In a clear reference to countries like Estonia, he cautioned against the revision of history, saying there were 400 monuments across Bulgaria that stood as symbols of brotherhood and that the country's cities and towns bore the names of what he called Russian liberators.

In the late 19th century, Russia and its ally Serbia helped Bulgaria in its rebellion against Turkish rule.

Putin said the Year of Russia was designed to help young Bulgarians feel the kinship between the two nations that survives despite the changes brought by recent events, and said he looked to Sofia to help with the holding of a "Year of Bulgaria" in Russia as well. Events of this type, filled with a heavy program of cultural events, are symbolic gestures the Kremlin traditionally reserves for its friends and allies.

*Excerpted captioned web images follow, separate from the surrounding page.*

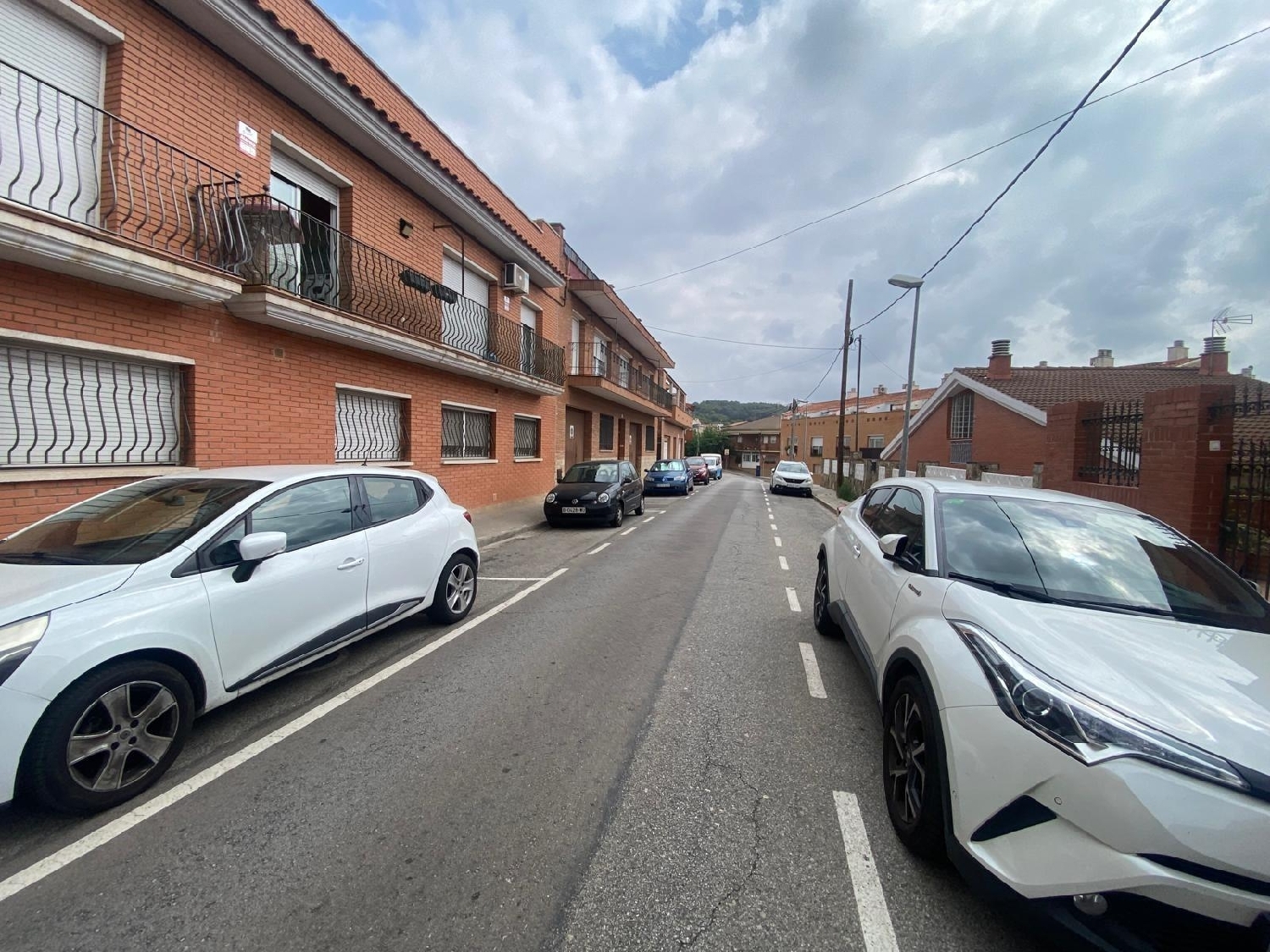  till salu parkering Rubí Vallès Occidental 8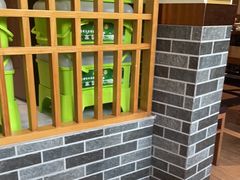 用餐区-李老哈·东北菜(宋园路店)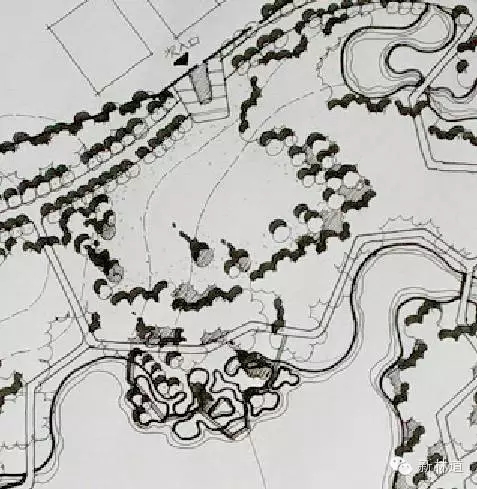 風景園林快速設計之濱水駁岸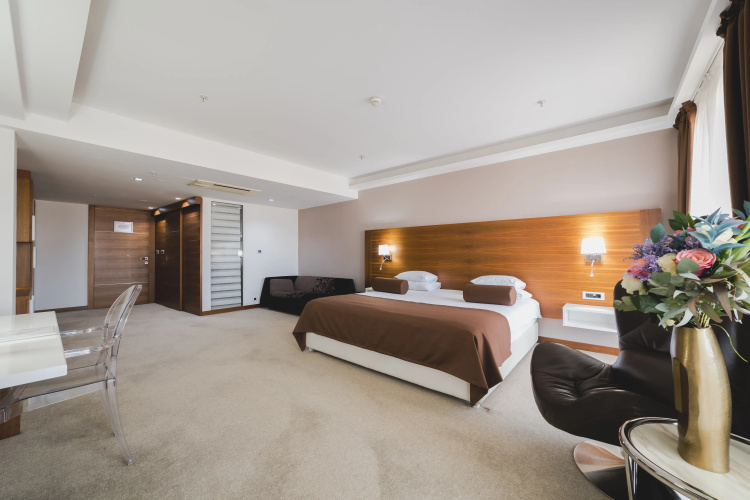 Hotel Aurel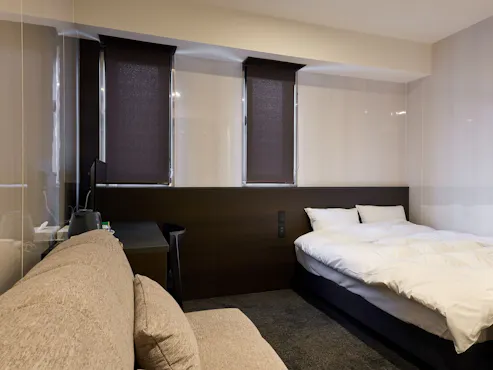 2025년 8월 리뉴얼 더블룸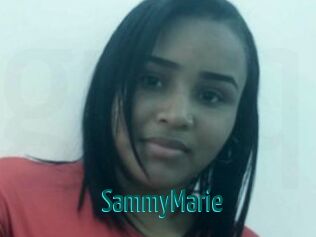 SammyMarie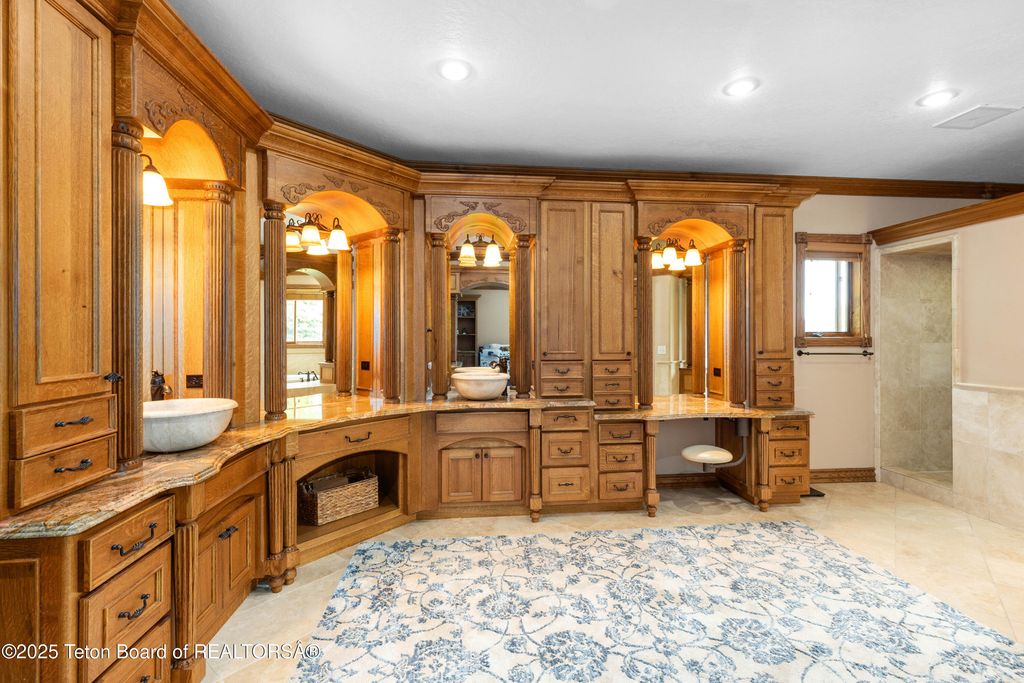 1255 LOST CREEK Road, Thayne, WY 83127 photo 38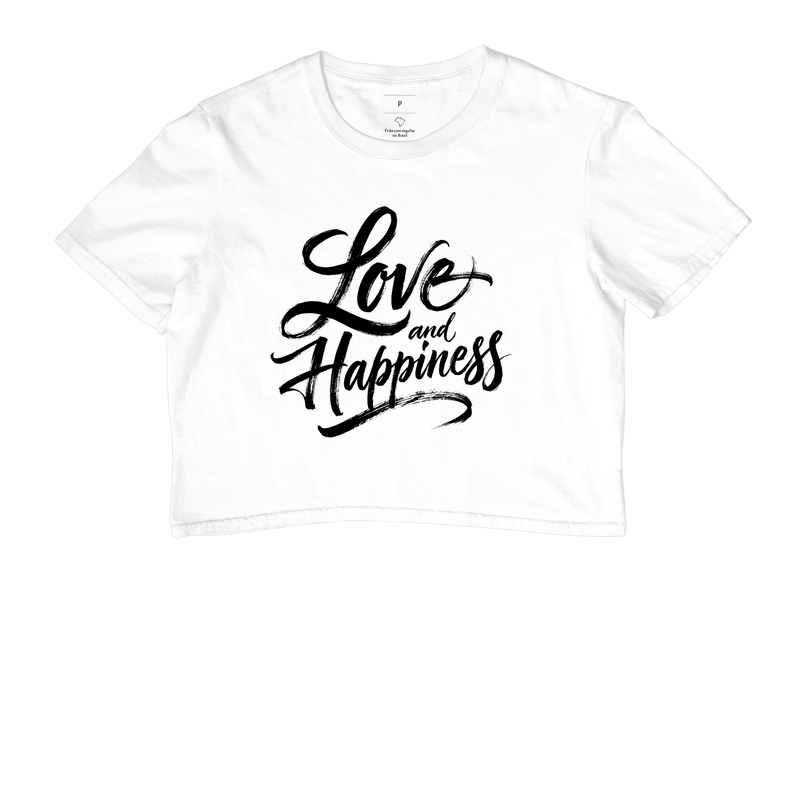 Love and Happiness - Imagem 3
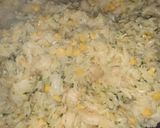 Foto del paso 8 de la receta: Arroz con camarones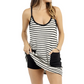 🥳2026 HOT SALE-50% OFF! 🥳💞50K+ SOLD!🔥👗Women's Sleeveless Summer Dress with Shorts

During a visit to the former Soviet satellite that is likely to be his last official trip abroad before leaving office, Putin said the friendship between Russia and Bulgaria had been "sealed by blood ties and comes from the heart."

Lampposts along Vitosha Boulevard, a major thoroughfare in Sofia, were adorned with Russian and Bulgarian flags, and posters next to the Palace of Culture welcomed Putin to Bulgaria.

Amid calls from a conservative political party, the Democrats for a Strong Bulgaria, for a boycott of Putin's visit, the city looked calm Thursday night.

This is Putin's second trip to the country during his eight years in office, and highlights Bulgaria's status as a rare Russian ally in Central and Eastern Europe.

Under Putin, relations with countries like Poland and Estonia, to name but two, have worsened dramatically, but the Kremlin maintains that it is Warsaw, Tallinn and the other capitals in question that bear responsibility for the strained ties.

While Bulgaria, which is a member of NATO as well as the EU, cannot be called pro-Russian, Parvanov might be the closest ally Putin has in the region.

"There's a good attitude toward Russia. It's traditional," said Pavlin Varbanov, 25, a manager at a hotel where Russian journalists are staying for Putin's visit.

"Nobody cares about the protests," he said, referring to the argument by the Democrats for a Strong Bulgaria that the country is too dependent on Russia.

Putin and Parvanov have kept in regular contact over the years. The Bulgarian leader was among those who called Putin to express his condolences in the immediate aftermath of the Beslan school attack in 2004. In June, Putin "warmly" congratulated Parvanov on his 50th birthday during a telephone conversation about deepening energy cooperation, the Kremlin said.

Last year, the two countries, together with Greece, agreed to build a 285-kilometer pipeline from Burgas on Bulgaria's Black Sea coast to Alexandroupolis on the Greek Aegean. Bulgaria is also part of the planned South Stream gas pipeline to be completed by 2013.

Bulgaria may be much more comfortable cooperating on energy with Russia than Turkey due to its history, and Putin was scheduled to visit an exhibit on Friday celebrating the 130th anniversary of Bulgaria's liberation from the Ottoman Empire.

He is also expected to visit the Alexander Nevsky Cathedral and lay flowers at monuments to Russian Emperor Alexander II and the Unknown Soldier.

On Thursday, Kremlin spokespeople could not say what deals would be signed Friday, but talks have been expected to focus on hydrocarbons and a nuclear station that the Russians plan to build for Bulgaria. Parvanov said Thursday night that the talks would focus mainly on energy.